## Data for processing
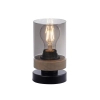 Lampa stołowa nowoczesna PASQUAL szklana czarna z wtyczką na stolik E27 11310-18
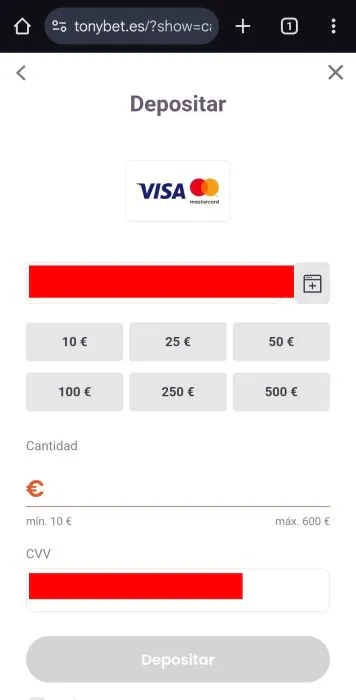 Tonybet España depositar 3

...

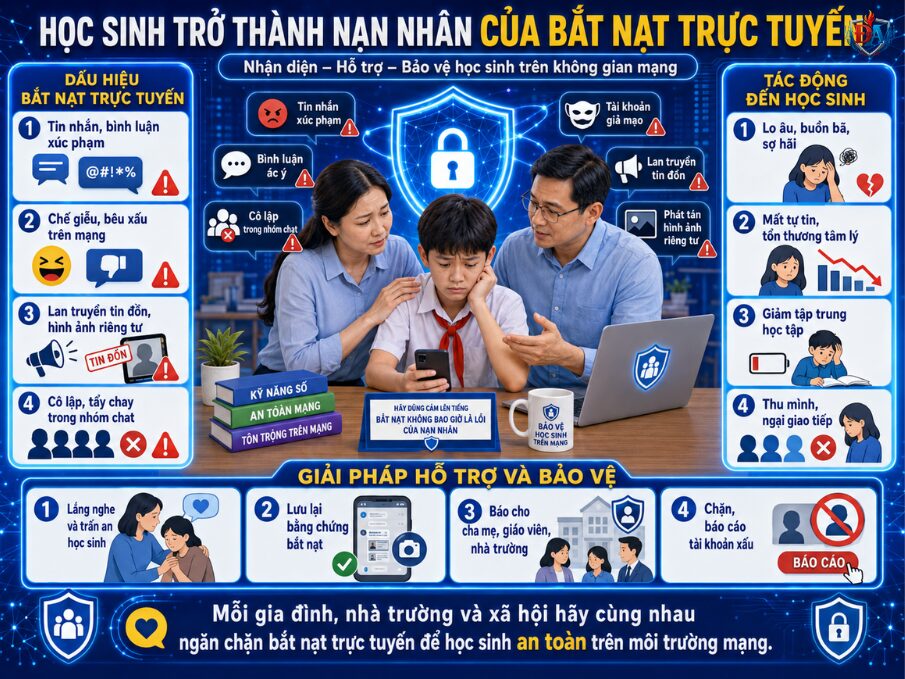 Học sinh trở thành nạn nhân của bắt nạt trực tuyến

## What the task requires
In the records above, copy exactly everything from the line that has "Lampa stołowa nowoczesna" down to the line that has "Tonybet España depositar 3", both ends included, and leave out the pictures.

## Written answer
 Lampa stołowa nowoczesna PASQUAL szklana czarna z wtyczką na stolik E27 11310-18
 Tonybet España depositar 3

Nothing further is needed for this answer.